▶ [Problem to solve]: At the line containing "Square-neck Sheer Panel Top", begin retyping, and continue word for word until the records below run out.

.....

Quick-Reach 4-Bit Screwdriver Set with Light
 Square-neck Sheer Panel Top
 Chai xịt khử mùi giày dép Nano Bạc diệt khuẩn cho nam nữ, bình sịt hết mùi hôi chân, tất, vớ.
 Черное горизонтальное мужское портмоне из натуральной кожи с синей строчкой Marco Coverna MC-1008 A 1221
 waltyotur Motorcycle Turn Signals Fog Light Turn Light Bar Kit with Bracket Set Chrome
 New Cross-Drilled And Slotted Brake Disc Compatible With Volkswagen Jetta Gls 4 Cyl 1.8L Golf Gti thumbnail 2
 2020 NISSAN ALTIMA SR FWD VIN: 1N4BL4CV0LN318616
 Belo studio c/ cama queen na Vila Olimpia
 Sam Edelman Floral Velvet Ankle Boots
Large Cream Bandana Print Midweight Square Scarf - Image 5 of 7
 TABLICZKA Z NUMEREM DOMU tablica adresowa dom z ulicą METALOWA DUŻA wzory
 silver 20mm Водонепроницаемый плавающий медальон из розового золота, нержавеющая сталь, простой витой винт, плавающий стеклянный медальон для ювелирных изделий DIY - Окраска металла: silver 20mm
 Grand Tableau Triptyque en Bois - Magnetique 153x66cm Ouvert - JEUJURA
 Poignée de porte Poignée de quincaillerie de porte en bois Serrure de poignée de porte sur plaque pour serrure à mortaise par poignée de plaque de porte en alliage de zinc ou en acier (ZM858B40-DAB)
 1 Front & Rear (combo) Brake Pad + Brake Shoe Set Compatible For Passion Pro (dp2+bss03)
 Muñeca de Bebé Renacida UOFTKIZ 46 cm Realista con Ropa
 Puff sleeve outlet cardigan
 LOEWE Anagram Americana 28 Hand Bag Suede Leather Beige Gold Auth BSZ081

.....

▶ [Written response]:
 Square-neck Sheer Panel Top
 Chai xịt khử mùi giày dép Nano Bạc diệt khuẩn cho nam nữ, bình sịt hết mùi hôi chân, tất, vớ.
 Черное горизонтальное мужское портмоне из натуральной кожи с синей строчкой Marco Coverna MC-1008 A 1221
 waltyotur Motorcycle Turn Signals Fog Light Turn Light Bar Kit with Bracket Set Chrome
 New Cross-Drilled And Slotted Brake Disc Compatible With Volkswagen Jetta Gls 4 Cyl 1.8L Golf Gti thumbnail 2
 2020 NISSAN ALTIMA SR FWD VIN: 1N4BL4CV0LN318616
 Belo studio c/ cama queen na Vila Olimpia
 Sam Edelman Floral Velvet Ankle Boots
Large Cream Bandana Print Midweight Square Scarf - Image 5 of 7
 TABLICZKA Z NUMEREM DOMU tablica adresowa dom z ulicą METALOWA DUŻA wzory
 silver 20mm Водонепроницаемый плавающий медальон из розового золота, нержавеющая сталь, простой витой винт, плавающий стеклянный медальон для ювелирных изделий DIY - Окраска металла: silver 20mm
 Grand Tableau Triptyque en Bois - Magnetique 153x66cm Ouvert - JEUJURA
 Poignée de porte Poignée de quincaillerie de porte en bois Serrure de poignée de porte sur plaque pour serrure à mortaise par poignée de plaque de porte en alliage de zinc ou en acier (ZM858B40-DAB)
 1 Front & Rear (combo) Brake Pad + Brake Shoe Set Compatible For Passion Pro (dp2+bss03)
 Muñeca de Bebé Renacida UOFTKIZ 46 cm Realista con Ropa
 Puff sleeve outlet cardigan
 LOEWE Anagram Americana 28 Hand Bag Suede Leather Beige Gold Auth BSZ081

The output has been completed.